What needs reproducing is the run of lines in the data below starting at the line with "オセロニアの［リフレッシュサマー］オルロの画像" and ending at the line with "41194-pu2pbgwq1wf.jpg", both ends included. Copy it exactly, without pictures, and add nothing.

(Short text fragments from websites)
☆ ☆ ☆ ☆ ☆ ☆ ☆

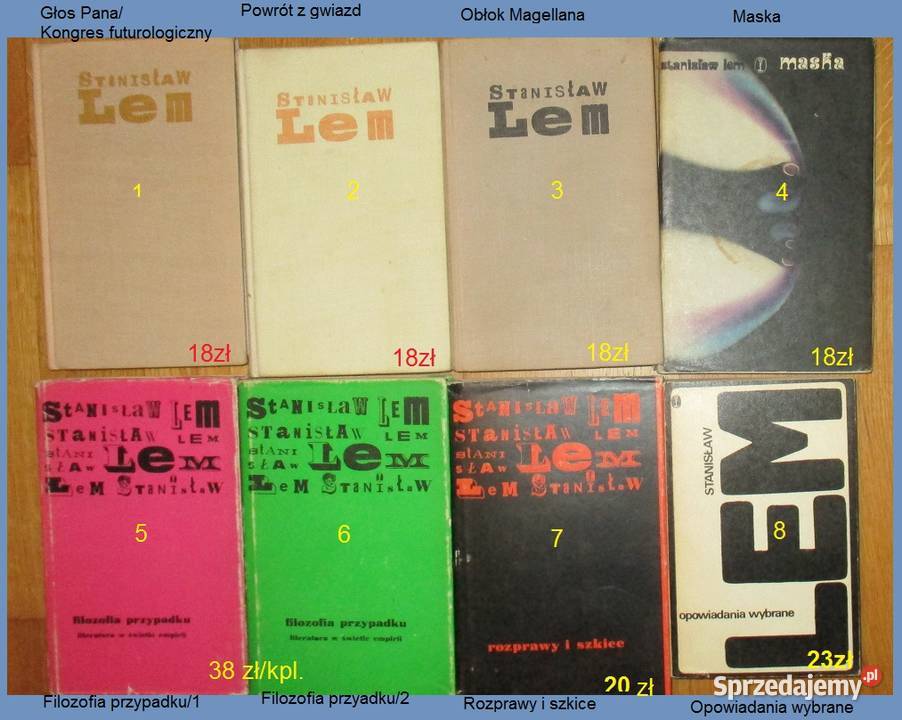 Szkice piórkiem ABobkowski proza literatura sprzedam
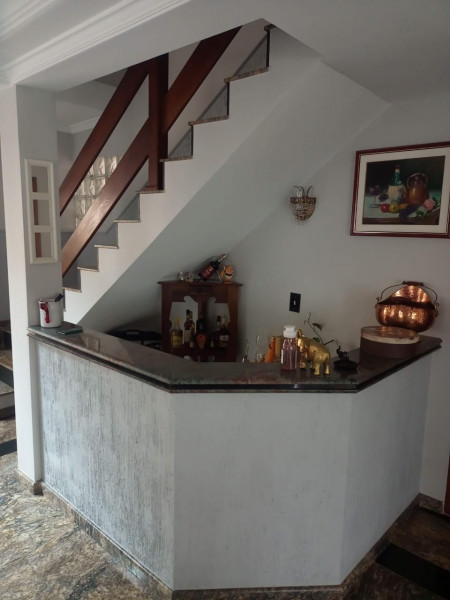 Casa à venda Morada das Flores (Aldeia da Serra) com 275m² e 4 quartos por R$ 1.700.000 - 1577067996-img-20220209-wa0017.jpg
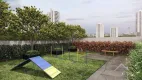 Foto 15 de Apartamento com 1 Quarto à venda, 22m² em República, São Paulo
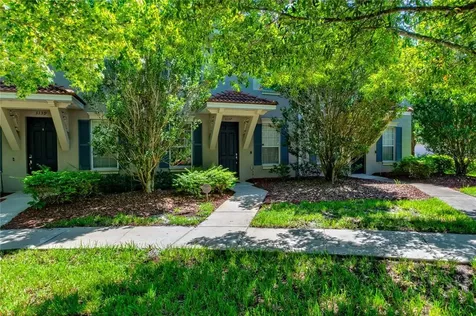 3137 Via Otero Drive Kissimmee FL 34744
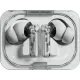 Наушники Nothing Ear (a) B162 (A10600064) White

☆ ☆ ☆ ☆ ☆ ☆ ☆

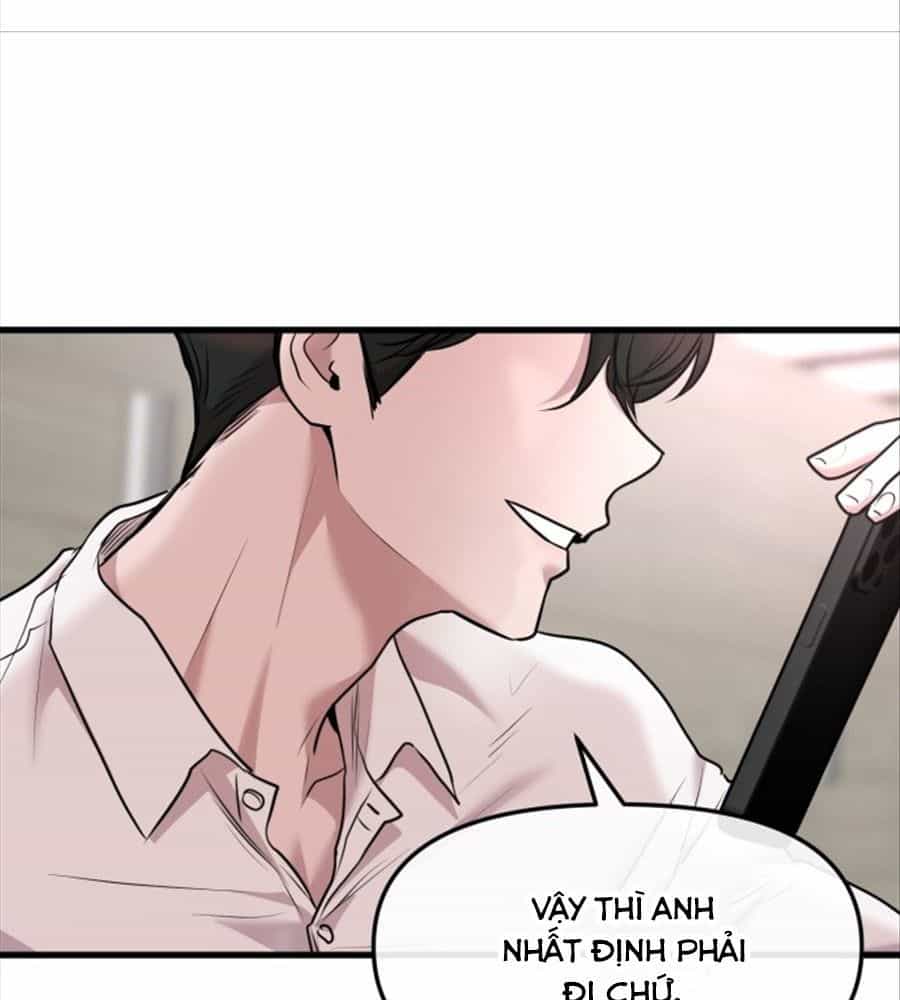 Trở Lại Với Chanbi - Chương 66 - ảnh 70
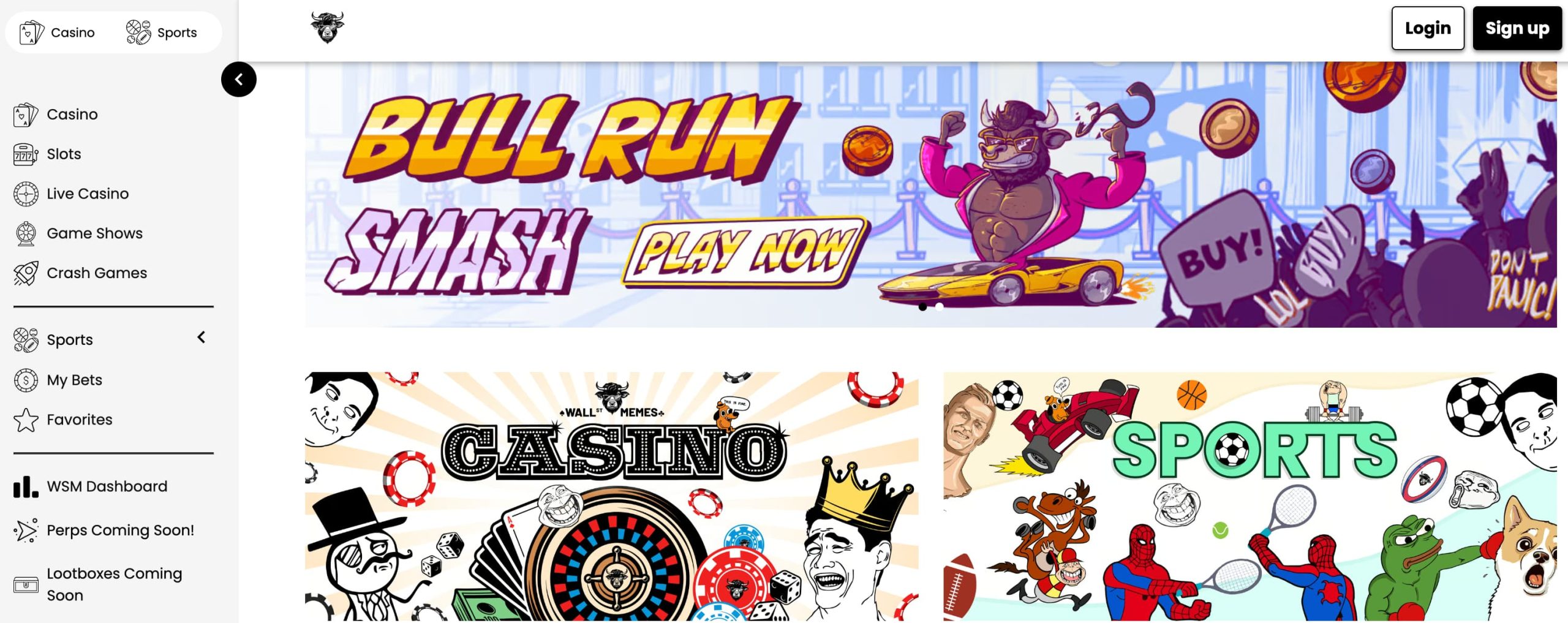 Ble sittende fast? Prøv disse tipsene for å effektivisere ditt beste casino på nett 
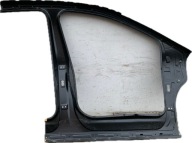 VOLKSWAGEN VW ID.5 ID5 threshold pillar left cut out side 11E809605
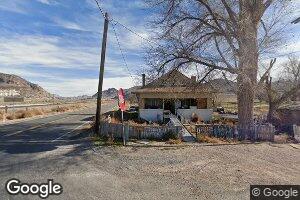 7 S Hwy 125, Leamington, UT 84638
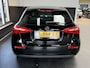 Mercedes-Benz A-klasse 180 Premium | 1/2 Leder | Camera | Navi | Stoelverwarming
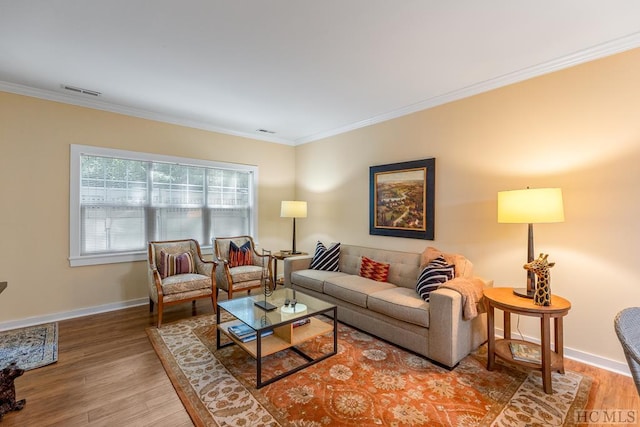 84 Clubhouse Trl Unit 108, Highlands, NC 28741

☆ ☆ ☆ ☆ ☆ ☆ ☆

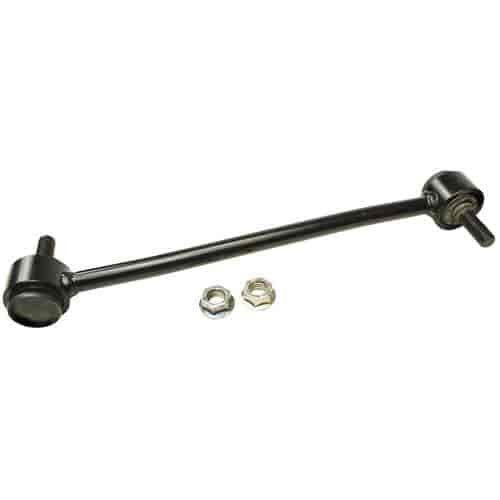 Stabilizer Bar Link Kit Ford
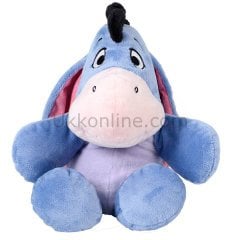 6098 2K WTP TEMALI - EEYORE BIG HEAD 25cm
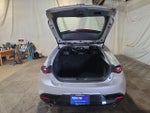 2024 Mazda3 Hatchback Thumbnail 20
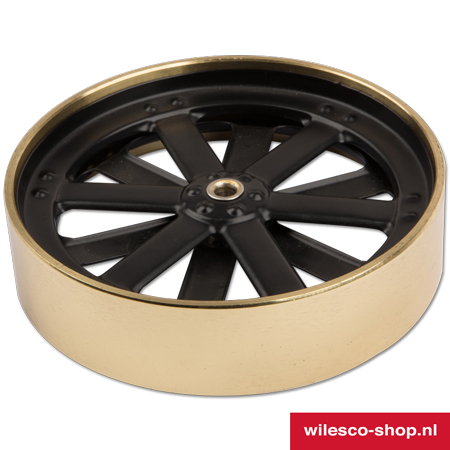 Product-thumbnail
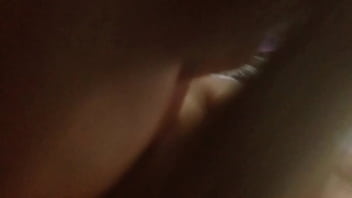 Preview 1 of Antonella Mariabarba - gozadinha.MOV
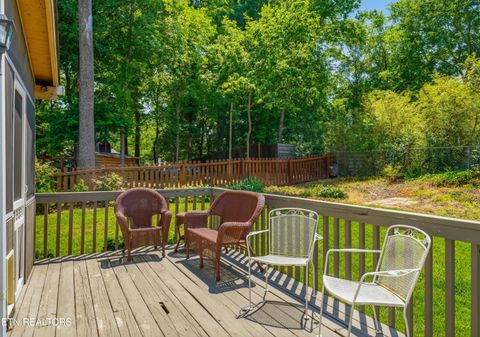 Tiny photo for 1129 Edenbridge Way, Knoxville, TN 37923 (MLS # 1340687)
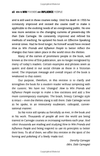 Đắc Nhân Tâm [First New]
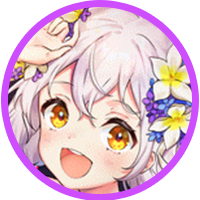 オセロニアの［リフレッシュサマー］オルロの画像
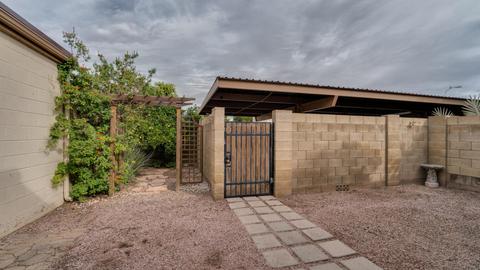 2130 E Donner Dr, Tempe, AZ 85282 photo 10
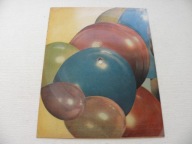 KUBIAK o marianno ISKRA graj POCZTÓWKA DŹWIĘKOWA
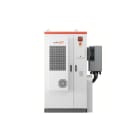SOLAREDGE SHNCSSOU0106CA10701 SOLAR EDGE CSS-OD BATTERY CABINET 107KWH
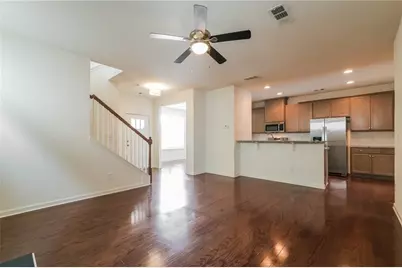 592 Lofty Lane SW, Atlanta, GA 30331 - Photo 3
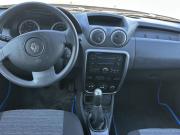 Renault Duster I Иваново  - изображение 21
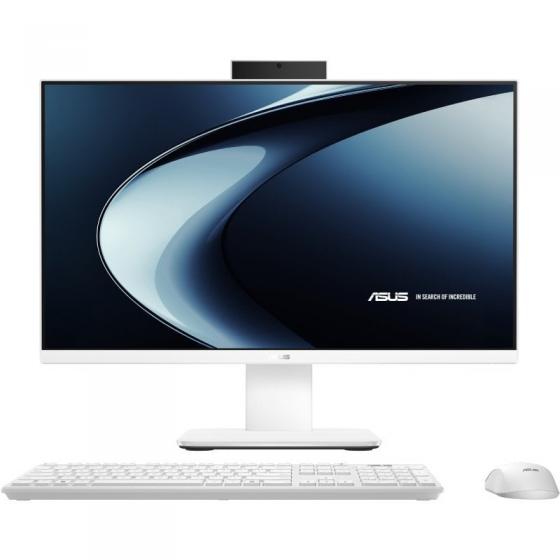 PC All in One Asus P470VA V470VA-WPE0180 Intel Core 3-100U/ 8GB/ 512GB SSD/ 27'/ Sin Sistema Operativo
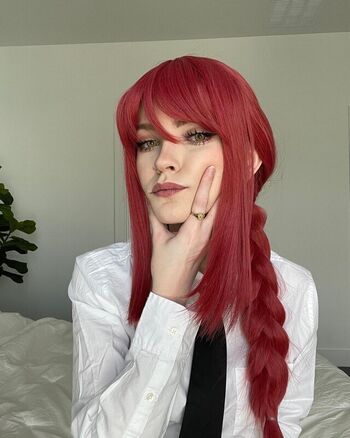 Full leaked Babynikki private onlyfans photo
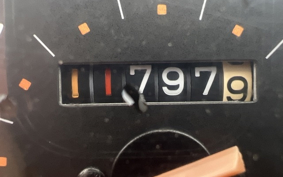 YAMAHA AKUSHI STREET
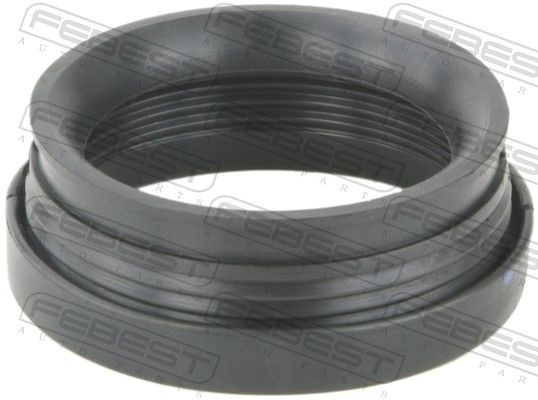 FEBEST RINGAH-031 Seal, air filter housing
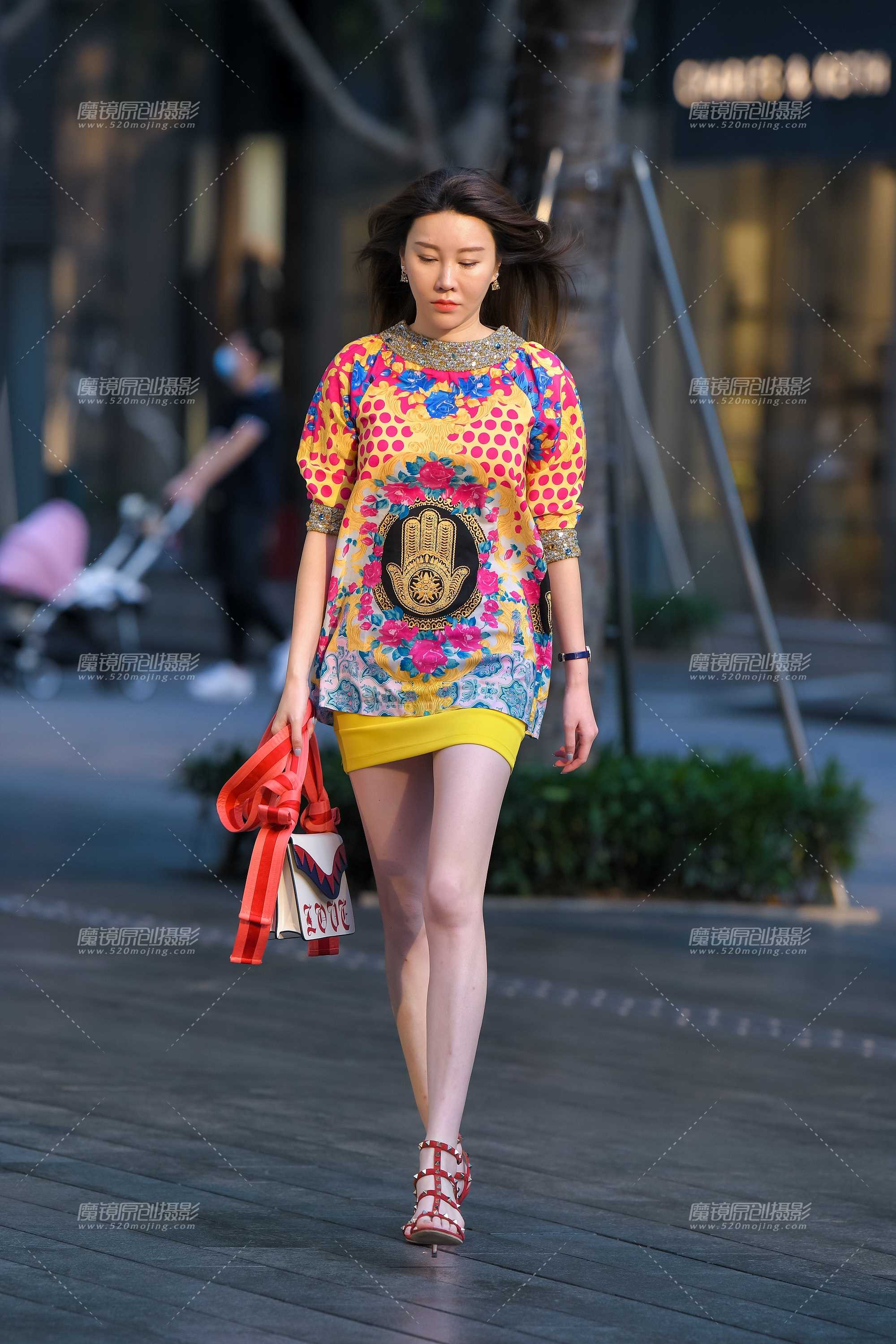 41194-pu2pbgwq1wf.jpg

☆ ☆ ☆ ☆ ☆ ☆ ☆

__ANSWER SECTION__.
 オセロニアの［リフレッシュサマー］オルロの画像
 2130 E Donner Dr, Tempe, AZ 85282 photo 10
 KUBIAK o marianno ISKRA graj POCZTÓWKA DŹWIĘKOWA
SOLAREDGE SHNCSSOU0106CA10701 SOLAR EDGE CSS-OD BATTERY CABINET 107KWH
 592 Lofty Lane SW, Atlanta, GA 30331 - Photo 3
 Renault Duster I Иваново  - изображение 21
 PC All in One Asus P470VA V470VA-WPE0180 Intel Core 3-100U/ 8GB/ 512GB SSD/ 27'/ Sin Sistema Operativo
 Full leaked Babynikki private onlyfans photo
 YAMAHA AKUSHI STREET
 FEBEST RINGAH-031 Seal, air filter housing
 41194-pu2pbgwq1wf.jpg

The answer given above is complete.